From Meta, a Wikimedia project coordination wiki
This is an archived version of this page, as edited by DanCherek (talk | contribs) at 22:50, 10 April 2024 (→‎New CopyPatrol is live: Reply). It may differ significantly from the current version.

Latest comment: 1 month ago by DanCherek in topic New CopyPatrol is live
NOTE: This page may not be regularly checked. If you need prompt attention from the maintainers please ping a member of Community Tech.

Can the tool access paywalled full texts?
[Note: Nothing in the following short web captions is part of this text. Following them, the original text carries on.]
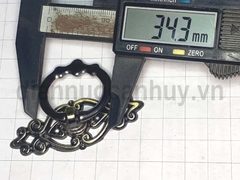Tay nắm khoen tròn đế hoa văn phi 34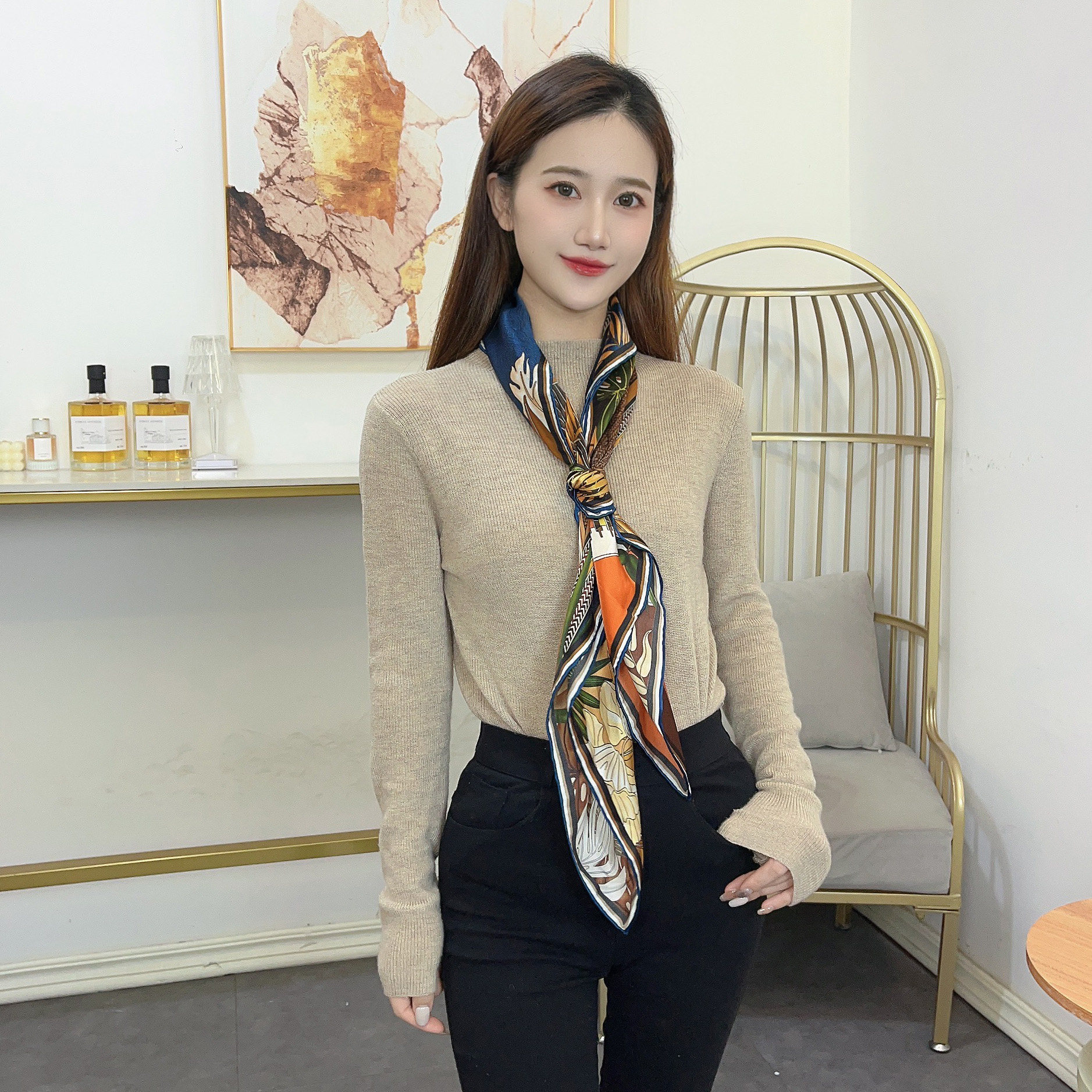 杭州都锦生桑蚕丝围巾真丝丝巾女礼盒装宫送礼丝绸伴手礼大方巾宫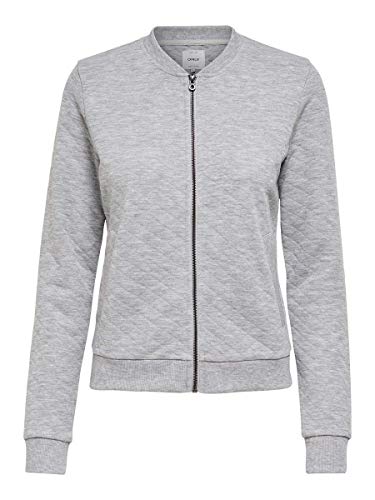 ONLY Damen Onljoyce L/S Bomber Swt Noos Sweatjacke, Light Grey Melange, XXS EU von ONLY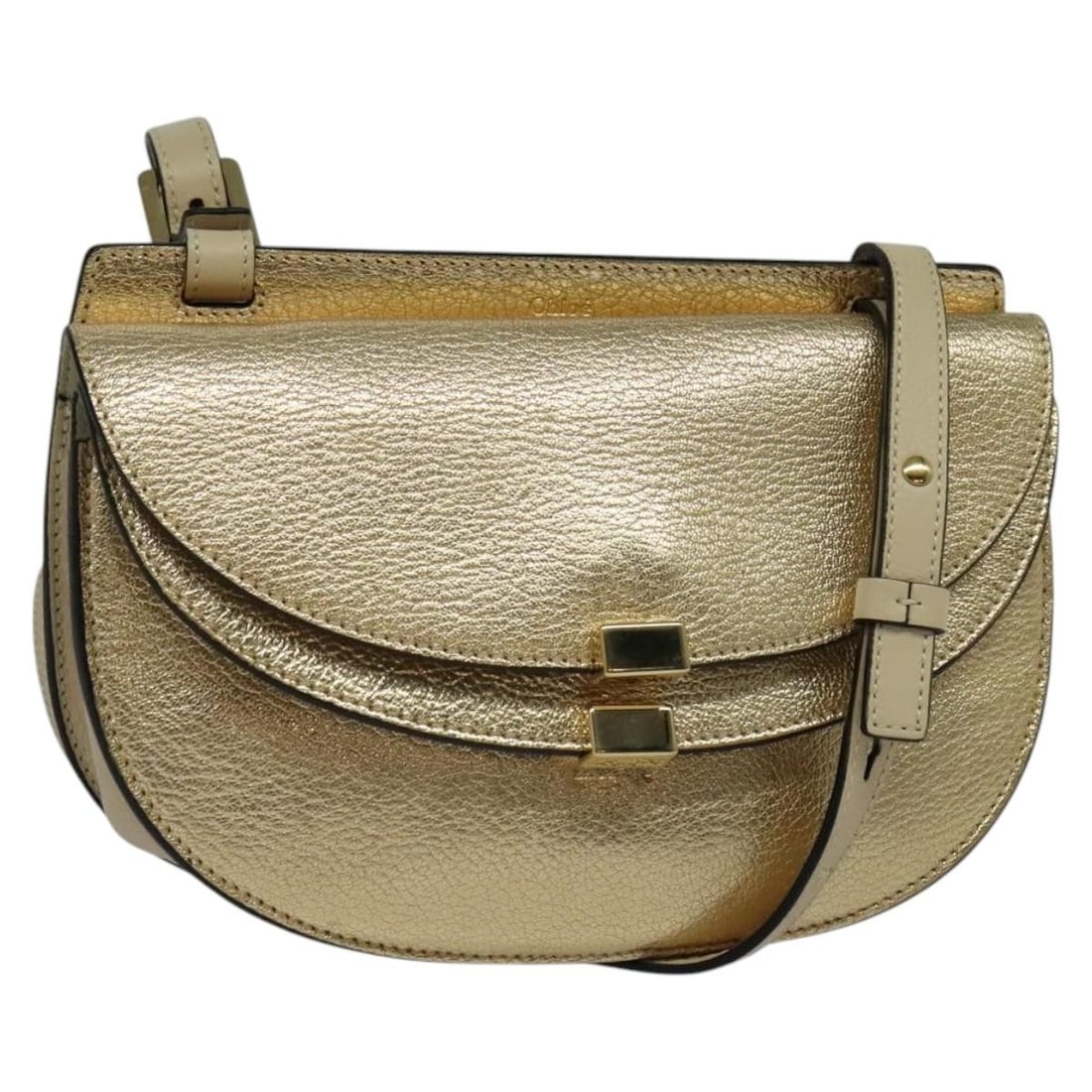 Chloe Georgia Gold Leather Shoulder Bag BA1844 with Guarantee Card: Chloe Georgia Gold Leather Shoulder Bag BA1844 with Guarantee Card Introducing the Chloe Georgia Shoulder Bag, a stylish accessory crafted from premium leather in a stunning gold hue. Measuring approx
Curious whether this tool would detect violations like this from 2015 which copied from this source(you'll need to log in)? If not, have you considered whether the tool can be linked up with The Wikipedia Library to access full texts? Smartse (talk) 10:59, 19 December 2023 (UTC)Reply

@Smartse I tried it by copying that old version to Draft:Sandbox. CopyPatrol picked up the edit [1]. In the iThenticate-Report it shows that source as a 13% match. Nobody (talk) 13:16, 19 December 2023 (UTC)Reply
@1AmNobody24: Thanks for that - I see that percentage at 9% for link.springer.com, but looking at https://www.ithenticate.com/ I see that they do indeed have the full texts for many paywalled articles. Good to see that we should catch edits like this today, but I wonder how many we missed! Smartse (talk) 12:29, 21 December 2023 (UTC)Reply

Question about marking edits

When I encounter an edit that somebody else has already fixed (by removing content and adding copyvio-revdel tags, or by tagging for G12), should I mark the edit as "Page fixed" or as "No action needed"? I've been marking these sorts of things as "Page fixed", since it was a true copyvio and the page was fixed, but the use of you in If you fixed the problem, tagged the page for revision deletion, or tagged the page for deletion as a copyright violation, mark it as "Page fixed" is now giving me a bit of pause. — Red-tailed hawk (nest) 02:54, 21 December 2023 (UTC)Reply

@Red-tailed hawk I also mark those as Page fixed. You think something like If the problem is fixed, the page tagged for revision deletion, or tagged for deletion as a copyright violation, mark it as "Page fixed" could be better? Nobody (talk) 06:27, 21 December 2023 (UTC)Reply
I think the proposed text would work well, yes. — Red-tailed hawk (nest) 16:38, 22 December 2023 (UTC)Reply

User whitelist

Is that list still working? Cause this came in. Nobody (talk) 09:52, 22 December 2023 (UTC)Reply

Sometimes things slip through; I don't know why. Diannaa (talk) 15:35, 26 December 2023 (UTC)Reply

Is copy patrol down?

only 4 cases going back quite some hours enL3X1 ¡‹delayed reaction›¡ 21:34, 25 December 2023 (UTC)Reply

I'm not seeing any significant gaps, just a general slowdown. I guess people had something else to do on Christmas Day. Diannaa (talk) 15:34, 26 December 2023 (UTC)Reply

New CopyPatrol is live

I'm thrilled to announce the new version of CopyPatrol is now live at https://copypatrol.wmcloud.org. All existing links should redirect to the right place. Please join me in thanking @JJMC89 for his tremendous help in this effort. He probably deserves most of the credit here, but certainly all of it for the backend that he completely rewrote from scratch. The new backend should be much more resilient, with the sporadic downtime that we occasionally see hopefully being a thing of the past. In addition, the new frontend offers a number of new features:

  • Significant performance improvements
  • Edit summaries, change tags, and diff sizes
  • "Undo" or "revdel" links for users who have the requisite permissions

One notable change you might see is that the iThenticate reports no longer include the crawl date. Unfortunately this is outside our control. The Turnitin product team has been made aware of this feature request, so we hope it will eventually be reinstated.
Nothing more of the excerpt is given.